Hint: For solving this question as it is given that $x=\sqrt{2}$ is a solution of the equation $k{{x}^{2}}+\sqrt{2x}-4=0$ so, we will directly substitute the value of $x=\sqrt{2}$ in the given equation and solve for the correct value of $k$ easily.

Complete step by step answer:
Given:
It is given that $x=\sqrt{2}$ is a solution of the equation $k{{x}^{2}}+\sqrt{2x}-4=0$ and we have to find the suitable value of $k$ .
Now, we can interpret the given data as for the value $x=\sqrt{2}$ , the value of the function $f\left( x \right)=k{{x}^{2}}+\sqrt{2x}-4$ is equal to zero.
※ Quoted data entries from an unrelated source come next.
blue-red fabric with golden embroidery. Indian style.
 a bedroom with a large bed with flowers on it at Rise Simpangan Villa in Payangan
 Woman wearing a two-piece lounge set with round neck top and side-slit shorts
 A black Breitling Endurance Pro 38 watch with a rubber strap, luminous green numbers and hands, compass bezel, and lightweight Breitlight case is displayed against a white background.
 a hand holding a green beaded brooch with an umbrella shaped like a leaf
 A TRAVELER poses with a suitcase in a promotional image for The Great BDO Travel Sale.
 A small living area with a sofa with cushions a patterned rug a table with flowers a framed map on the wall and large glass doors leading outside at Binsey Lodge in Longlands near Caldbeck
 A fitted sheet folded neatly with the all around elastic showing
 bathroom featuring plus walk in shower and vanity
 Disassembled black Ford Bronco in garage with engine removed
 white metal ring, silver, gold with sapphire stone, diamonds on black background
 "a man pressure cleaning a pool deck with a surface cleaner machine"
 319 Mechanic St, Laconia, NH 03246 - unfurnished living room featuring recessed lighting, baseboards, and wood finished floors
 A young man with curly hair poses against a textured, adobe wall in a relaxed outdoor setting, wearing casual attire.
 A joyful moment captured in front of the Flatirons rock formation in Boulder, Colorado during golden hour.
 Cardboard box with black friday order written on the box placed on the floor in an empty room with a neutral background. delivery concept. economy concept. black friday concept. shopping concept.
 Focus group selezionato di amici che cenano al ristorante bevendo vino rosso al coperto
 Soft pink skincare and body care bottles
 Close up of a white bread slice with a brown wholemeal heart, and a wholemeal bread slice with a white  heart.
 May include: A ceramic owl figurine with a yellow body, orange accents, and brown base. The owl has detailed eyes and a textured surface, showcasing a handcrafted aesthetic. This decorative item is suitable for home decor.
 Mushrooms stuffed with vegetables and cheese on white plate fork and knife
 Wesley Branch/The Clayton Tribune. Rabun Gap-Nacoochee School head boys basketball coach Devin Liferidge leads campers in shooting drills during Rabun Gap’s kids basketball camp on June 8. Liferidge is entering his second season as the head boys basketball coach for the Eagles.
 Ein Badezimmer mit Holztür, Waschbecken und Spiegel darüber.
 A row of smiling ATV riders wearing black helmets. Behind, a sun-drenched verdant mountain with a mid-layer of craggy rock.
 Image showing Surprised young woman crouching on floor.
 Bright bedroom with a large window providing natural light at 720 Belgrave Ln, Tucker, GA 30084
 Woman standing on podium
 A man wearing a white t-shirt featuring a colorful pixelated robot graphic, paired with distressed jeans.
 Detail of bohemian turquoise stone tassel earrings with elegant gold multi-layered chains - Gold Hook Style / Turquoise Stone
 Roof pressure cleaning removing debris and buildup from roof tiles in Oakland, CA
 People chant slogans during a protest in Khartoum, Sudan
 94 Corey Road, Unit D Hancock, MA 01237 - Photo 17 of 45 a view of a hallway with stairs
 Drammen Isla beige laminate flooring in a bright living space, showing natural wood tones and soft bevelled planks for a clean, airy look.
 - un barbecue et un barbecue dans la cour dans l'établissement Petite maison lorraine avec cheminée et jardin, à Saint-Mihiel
Which means $f\left( \sqrt{2} \right)=0$ . Then,
\[\begin{align}
  & f\left( x \right)=k{{x}^{2}}+\sqrt{2x}-4 \\
 & \Rightarrow f\left( \sqrt{2} \right)=k{{\left( \sqrt{2} \right)}^{2}}+\sqrt{2\times \sqrt{2}}-4=0 \\
 & \Rightarrow 2k+\sqrt{2\times {{2}^{0.5}}}-4=0 \\
 & \Rightarrow 2k+{{\left( {{2}^{1.5}} \right)}^{0.5}}-4=0 \\
\end{align}\]
Now, before we proceed we should know that if ${{a}^{b}}=c$ then, ${{c}^{d}}={{\left( {{a}^{b}} \right)}^{d}}={{a}^{bd}}$ . Then, in the above equation, we can write ${{\left( {{2}^{1.5}} \right)}^{0.5}}={{2}^{1.5\times 0.5}}$ . Then,
\[\begin{align}
  & 2k+{{\left( {{2}^{1.5}} \right)}^{0.5}}-4=0 \\
 & \Rightarrow 2k+{{2}^{1.5\times 0.5}}-4=0 \\
 & \Rightarrow 2k=4-{{2}^{0.75}} \\
 & \Rightarrow k=\dfrac{4-{{2}^{0.75}}}{2} \\
\end{align}\]
\[\begin{align}
  & \Rightarrow k=2-\dfrac{1}{{{2}^{1-0.75}}} \\
 & \Rightarrow k=2-\dfrac{1}{{{2}^{0.25}}} \\
\end{align}\]
Now, we will take the value of $\dfrac{1}{{{2}^{0.25}}}$ to be 0.8409 approximately to calculate the approximate value of the unknown term $k$ . Then,
\[\begin{align}
  & k=2-\dfrac{1}{{{2}^{0.25}}} \\
 & \Rightarrow k\approx 2-0.8409 \\
 & \Rightarrow k\approx 1.1591 \\
\end{align}\]
Now, from the above result, we conclude that if $x=\sqrt{2}$ is a solution of the equation $k{{x}^{2}}+\sqrt{2x}-4=0$ then the value of $k$ will be equal to 1.1591 approximately.
Thus, the required value of \[k=2-\dfrac{1}{{{2}^{0.25}}}\approx 1.1591\] .

Note: Here, the student should first understand and then proceed in the right direction to get the correct answer quickly. Moreover, though the question is very easy, but we should avoid making calculation mistakes while solving the question like when we put $x=\sqrt{2}$ , then one mistake is very common that we might take $\sqrt{2x}=\sqrt{2}\times \sqrt{2}$ . So, don’t make such mistakes while solving.